Ban Rom Sai is operated by donations from the NPO Banromsai Japan, which sends the collected donations and profits from selling originally produced clothes and accessories. They are also making various efforts such as having soccer players and artists from Japan come and teach them so that children will be interested in art and soccer in addition to their study.
OCA has been cooperating with the operation of library projects since 2013. We donate 400,000 yen every year. The library is an after-school place for not only the children of Ban Rom Sai, but also the children of the village. Previously, there was a prejudice against HIV infection and orphans in the area, and Ban Rom Sai and the children were isolated, but by opening the library, Ban Rom Sai children and local children became participating in the event together. The mutual understanding deepened by studying, and now it has become the center of communication in the region. Not only you can acquire knowledge by reading books, but you can also acquire public rules such as using computers in order and taking good care of books.

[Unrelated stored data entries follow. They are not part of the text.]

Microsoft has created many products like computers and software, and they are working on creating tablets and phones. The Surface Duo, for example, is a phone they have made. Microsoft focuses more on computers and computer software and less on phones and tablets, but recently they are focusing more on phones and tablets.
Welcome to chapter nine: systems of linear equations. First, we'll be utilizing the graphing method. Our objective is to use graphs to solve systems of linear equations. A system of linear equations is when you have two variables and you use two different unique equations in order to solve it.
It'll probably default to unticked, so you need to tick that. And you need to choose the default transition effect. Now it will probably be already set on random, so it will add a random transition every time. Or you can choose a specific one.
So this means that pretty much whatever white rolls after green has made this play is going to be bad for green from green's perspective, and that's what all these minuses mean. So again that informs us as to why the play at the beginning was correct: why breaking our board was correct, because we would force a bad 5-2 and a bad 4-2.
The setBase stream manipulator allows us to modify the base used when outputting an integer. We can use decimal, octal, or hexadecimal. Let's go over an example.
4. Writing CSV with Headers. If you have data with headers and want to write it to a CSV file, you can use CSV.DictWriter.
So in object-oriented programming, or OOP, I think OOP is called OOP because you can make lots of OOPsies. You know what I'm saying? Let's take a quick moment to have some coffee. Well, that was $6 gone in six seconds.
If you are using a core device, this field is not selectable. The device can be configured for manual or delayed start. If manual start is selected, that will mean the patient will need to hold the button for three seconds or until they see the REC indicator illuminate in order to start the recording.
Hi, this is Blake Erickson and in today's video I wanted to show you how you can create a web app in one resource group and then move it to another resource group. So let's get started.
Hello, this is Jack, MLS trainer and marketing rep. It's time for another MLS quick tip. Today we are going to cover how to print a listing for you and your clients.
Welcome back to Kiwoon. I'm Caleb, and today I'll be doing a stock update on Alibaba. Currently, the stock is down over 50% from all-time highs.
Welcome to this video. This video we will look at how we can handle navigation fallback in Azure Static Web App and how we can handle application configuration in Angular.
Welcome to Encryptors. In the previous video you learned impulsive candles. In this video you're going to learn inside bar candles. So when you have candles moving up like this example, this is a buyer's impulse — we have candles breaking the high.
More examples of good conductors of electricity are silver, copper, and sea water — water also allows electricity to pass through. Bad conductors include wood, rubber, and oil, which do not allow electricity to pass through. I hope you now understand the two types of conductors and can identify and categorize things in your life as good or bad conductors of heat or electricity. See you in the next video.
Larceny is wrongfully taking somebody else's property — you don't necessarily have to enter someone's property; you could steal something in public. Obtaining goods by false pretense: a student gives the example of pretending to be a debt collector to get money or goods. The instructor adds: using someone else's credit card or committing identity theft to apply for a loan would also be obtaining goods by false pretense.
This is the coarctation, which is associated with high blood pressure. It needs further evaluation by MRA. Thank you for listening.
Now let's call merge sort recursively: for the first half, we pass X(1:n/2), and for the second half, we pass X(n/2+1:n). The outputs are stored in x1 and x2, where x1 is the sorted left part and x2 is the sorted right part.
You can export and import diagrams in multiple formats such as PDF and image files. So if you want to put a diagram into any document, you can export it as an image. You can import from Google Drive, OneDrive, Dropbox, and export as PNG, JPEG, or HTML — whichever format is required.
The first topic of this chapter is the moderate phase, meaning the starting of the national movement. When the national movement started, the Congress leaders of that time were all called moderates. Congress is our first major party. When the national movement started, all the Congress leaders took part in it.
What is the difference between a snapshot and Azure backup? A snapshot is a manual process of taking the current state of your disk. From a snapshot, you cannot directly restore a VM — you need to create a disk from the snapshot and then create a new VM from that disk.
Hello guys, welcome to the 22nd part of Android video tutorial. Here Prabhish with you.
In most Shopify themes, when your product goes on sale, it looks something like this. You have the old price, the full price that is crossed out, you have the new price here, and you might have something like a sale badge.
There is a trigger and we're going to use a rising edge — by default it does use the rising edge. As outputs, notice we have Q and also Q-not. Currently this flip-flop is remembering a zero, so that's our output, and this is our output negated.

Donations to OCA’s library project include not only the purchase of new books and DVDs, but also the purchase of prizes for reading impression contests and Thai holiday-themed essay and picture contests, and maintenance costs for computers and printers. It is used to support operating expenses such as purchasing consumables. We hope that the use of this facility will improve the quality of education for children and help close the gap in educational opportunities between urban and rural areas. We want it to be a place where children can develop their dreams for the future.